**Work item**
Shown below is a listing with pictures; reproduce exactly, and only, the lines between the ones containing "Australian black opals" and "SF 6LB/2.7KG 330YD/300M", inclusive, leaving the pictures out.
### Material shown ###
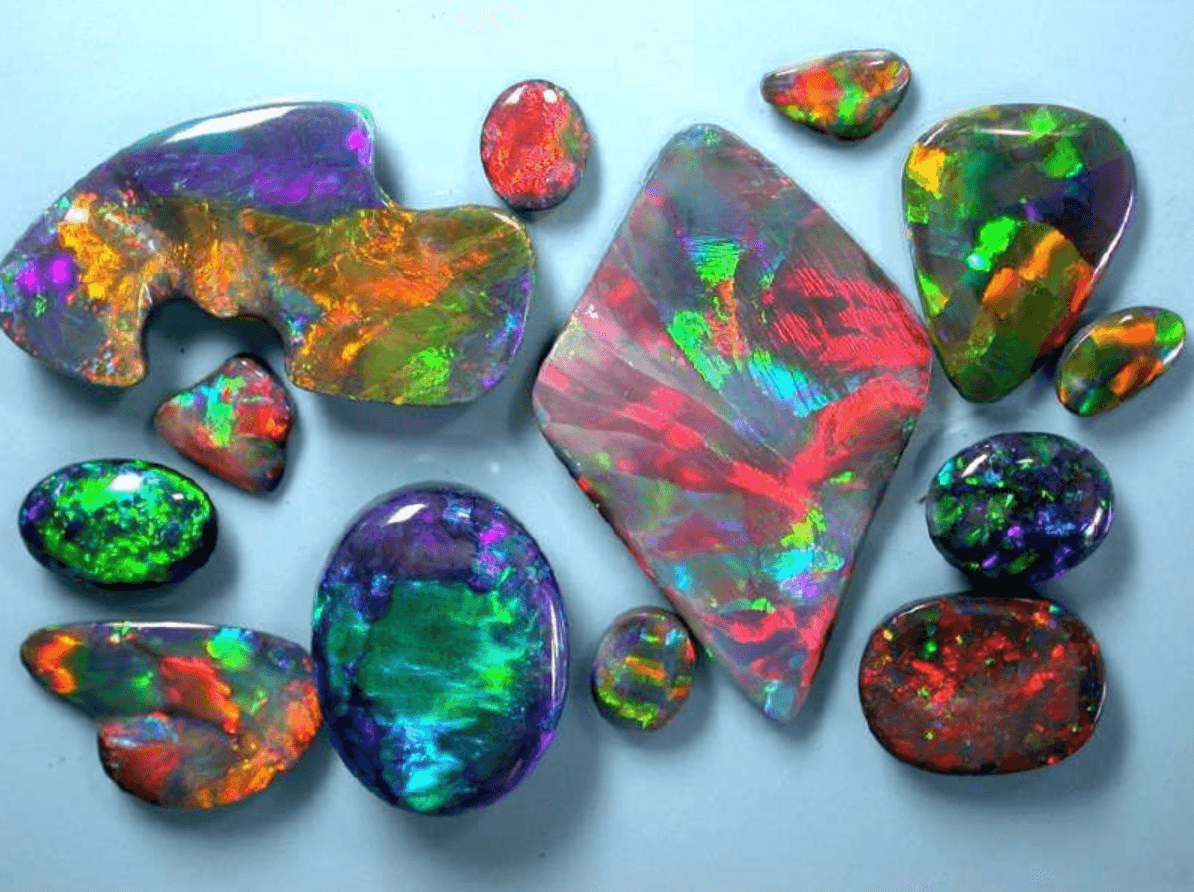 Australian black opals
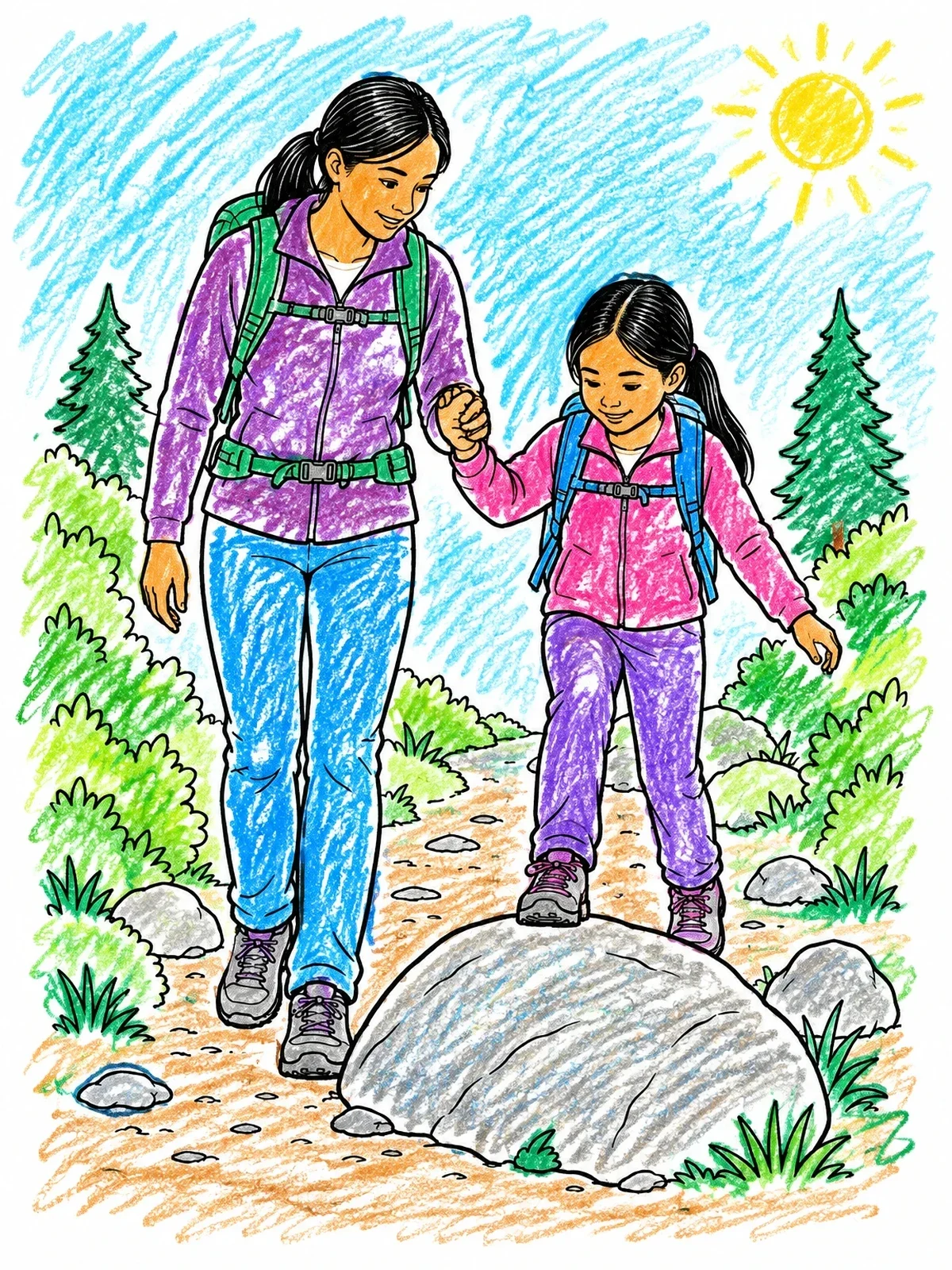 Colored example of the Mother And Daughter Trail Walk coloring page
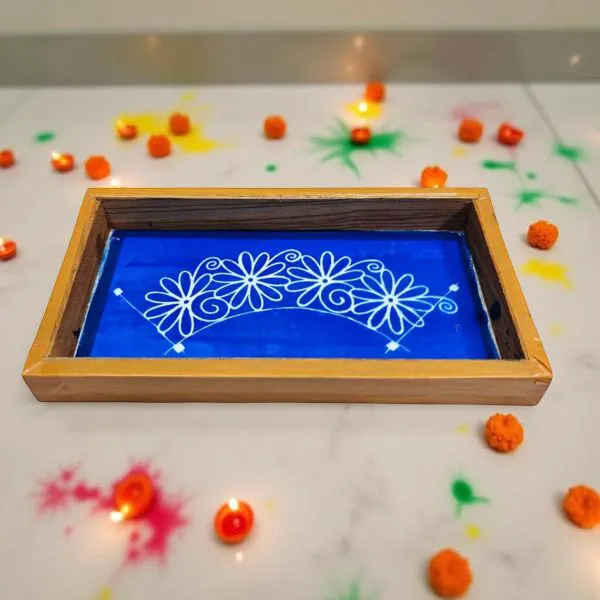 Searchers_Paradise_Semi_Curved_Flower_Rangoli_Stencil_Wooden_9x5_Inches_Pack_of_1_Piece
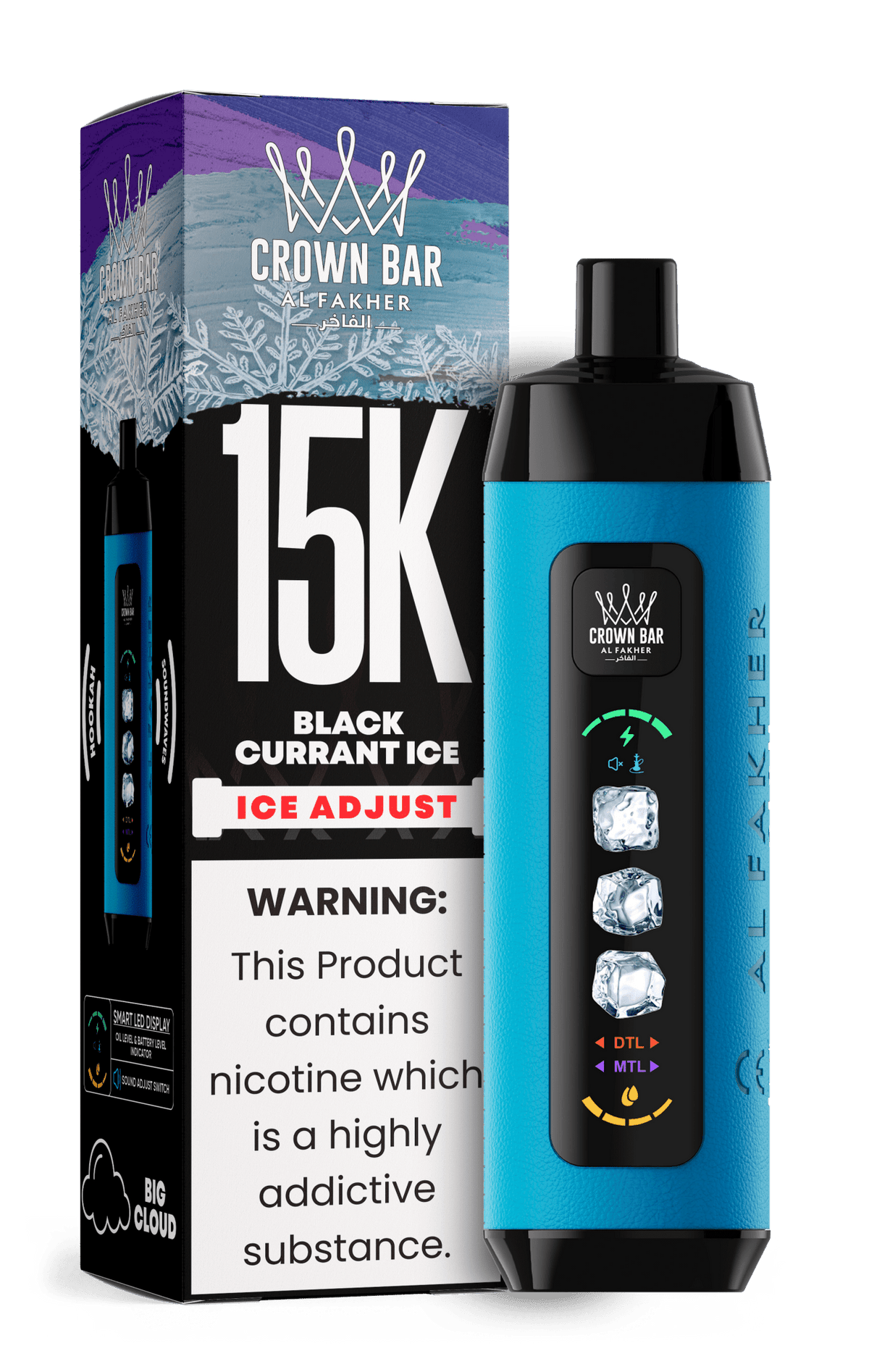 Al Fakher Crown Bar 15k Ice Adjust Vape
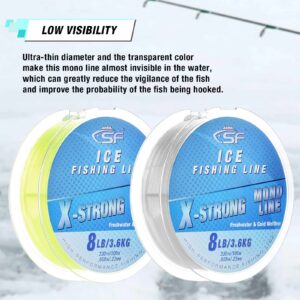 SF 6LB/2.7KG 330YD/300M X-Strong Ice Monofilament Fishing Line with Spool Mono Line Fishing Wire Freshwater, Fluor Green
###
### Material shown ###
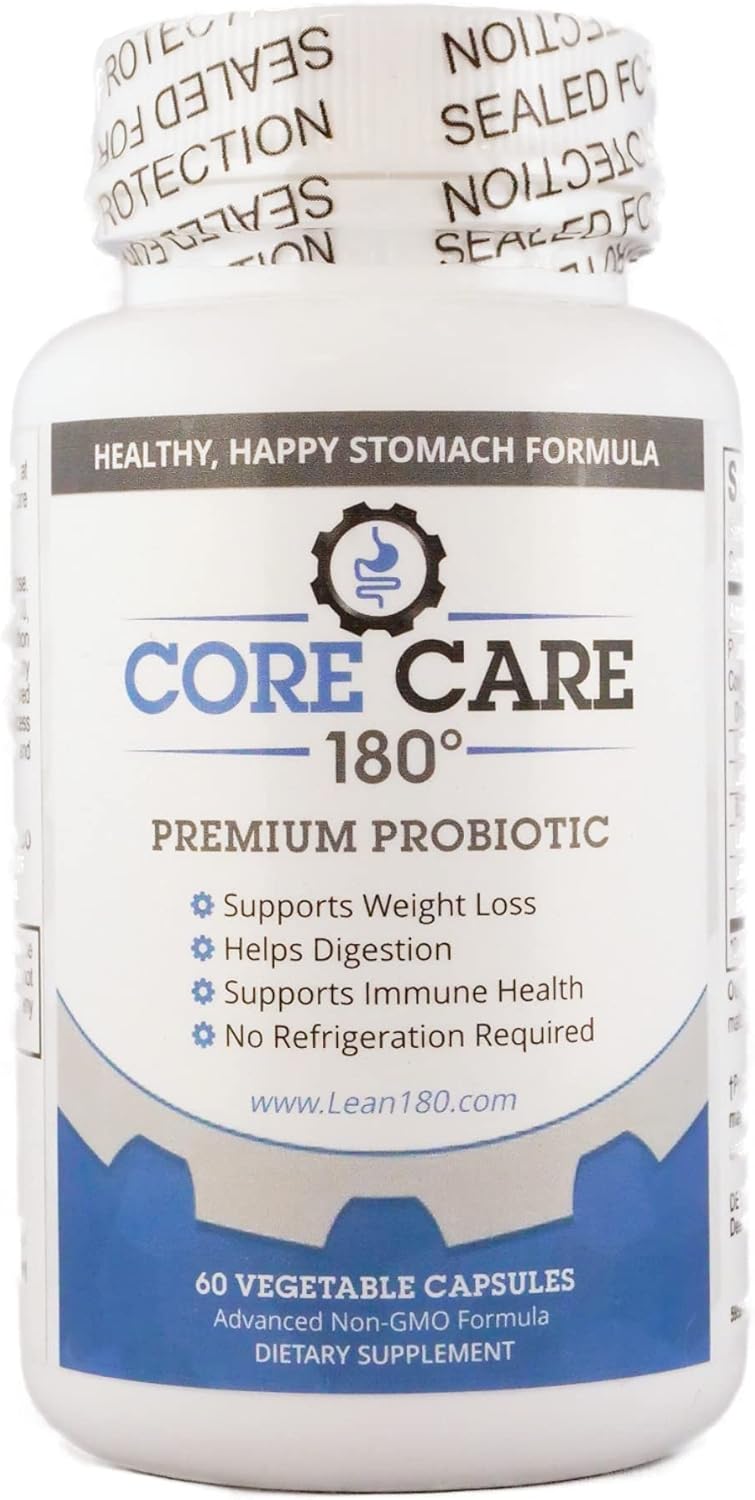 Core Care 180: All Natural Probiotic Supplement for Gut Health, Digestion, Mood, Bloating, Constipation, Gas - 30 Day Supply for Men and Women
###
**Solved problem**
 Australian black opals
 Colored example of the Mother And Daughter Trail Walk coloring page
 Searchers_Paradise_Semi_Curved_Flower_Rangoli_Stencil_Wooden_9x5_Inches_Pack_of_1_Piece
 Al Fakher Crown Bar 15k Ice Adjust Vape
 SF 6LB/2.7KG 330YD/300M X-Strong Ice Monofilament Fishing Line with Spool Mono Line Fishing Wire Freshwater, Fluor Green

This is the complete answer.